KIEFFER, Phillippe

Known as: 
The Pacha
Rank: 
Capitaine de Corvette
Unit / Base: 
10 Commando
4 Commando
Regiment/Corps: 
French Fusiliers Marins
Number: 
13FN40
Honours & Awards: 
Died : 
Tuesday, November 20, 1962
Phillippe Kieffer
Captain (Commandant) Phillippe Kieffer, Officer Commanding the French Detachment, was awarded the Military Cross for gallant and distinguished service during operations in Normandy.
 
Recommendation
"Commandant Kieffer was responsible for the mopping up of the town of Ouistreham in conjunction with 4 Commando's assault on the battery. His unit suffered severely, 9 out of his 11 Officers becoming casualties, while Commandant Kieffer himself was wounded. The dash and resolute action of this Officer led to the final liquidation of a series of enemy strong points in the coastal built up area, and of an enemy company in the town itself."
 
Obituary in Commando Association newsletter 37.

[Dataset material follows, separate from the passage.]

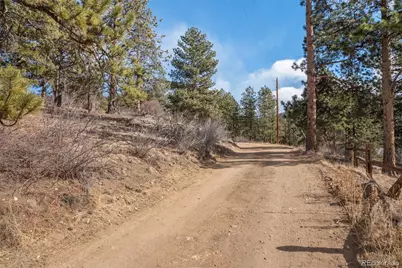 260 Bailey Drive, Bailey, CO 80421 - Photo 4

"With a deep sense of pride we print a short appreciation of the late Commandant Philippe Keiffer, M.C. (O.C. French Troop - 4 Commando) whose passing was reported in the last newsletter.

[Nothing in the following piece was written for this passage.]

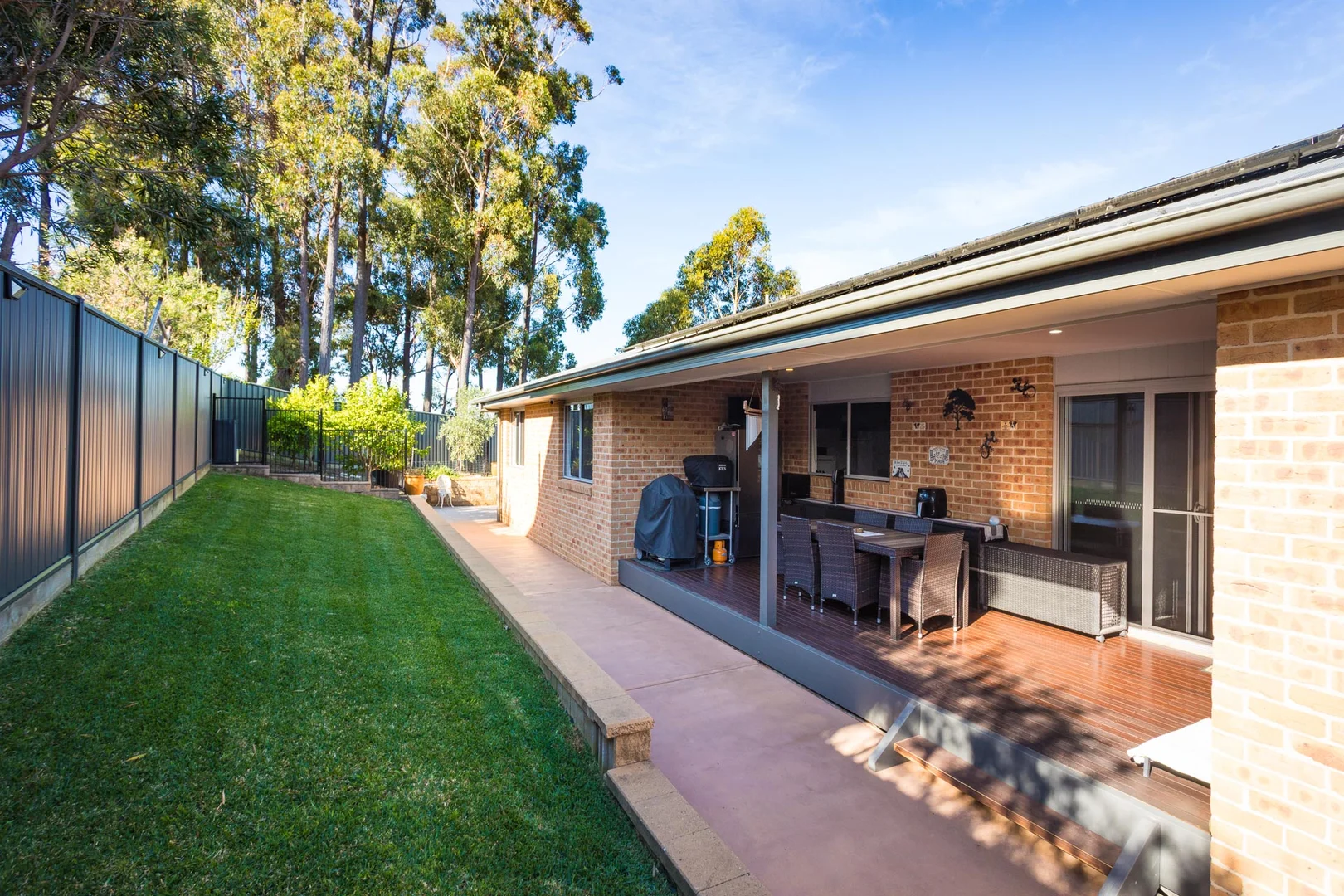 Additional image 36 of 10 The Crest, Merimbula NSW 2548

Philippe Kieffer, who died in November, 1962, was one of the best known and best loved of French wartime heroes. Our members, to so many of whom he was a well-known figure, will appreciate the following written by one who served under him."
 
"If the name of the Ist B.F.M. Commando is today linked forever with the history of the Normandy Landings, to the Liberation of France, we owe it to him. It is very largely thanks to him that Frenchmen were among the first soldiers who set foot on French soil, at dawn, on the 6th june, 1944.

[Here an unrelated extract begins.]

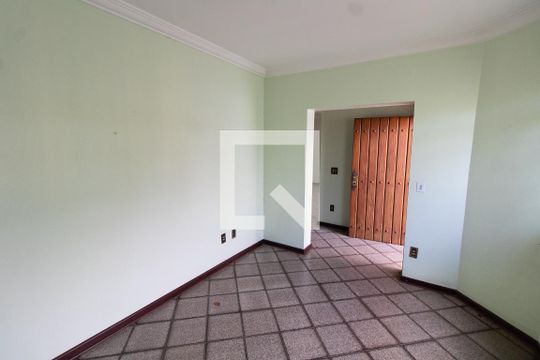 Sala de TV de casa para alugar com 4 quartos, 390m² em Parque Alto Taquaral, Campinas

This cannot be forgotten, and his name will be forever linked in everyone's heart and memory with this extraordinary adventure, in which he led us in the course of four years training, and fighting, through night raids, on the French and the Dutch coasts, the Normandy landings, the battles of Benouville, Amfreville et Bavent, and the unforgetable entry into liberated Paris, where his son whom he would so much liked to have made a Commando Soldier had been killed by the Germans a few days earlier.
To his men Kieffer was known as 'The Pacha', always full of audacity, always young, and fit, always firm, yet indulgent towards the young because he understood them."
 
Sources
National Archives file WO373/155/36.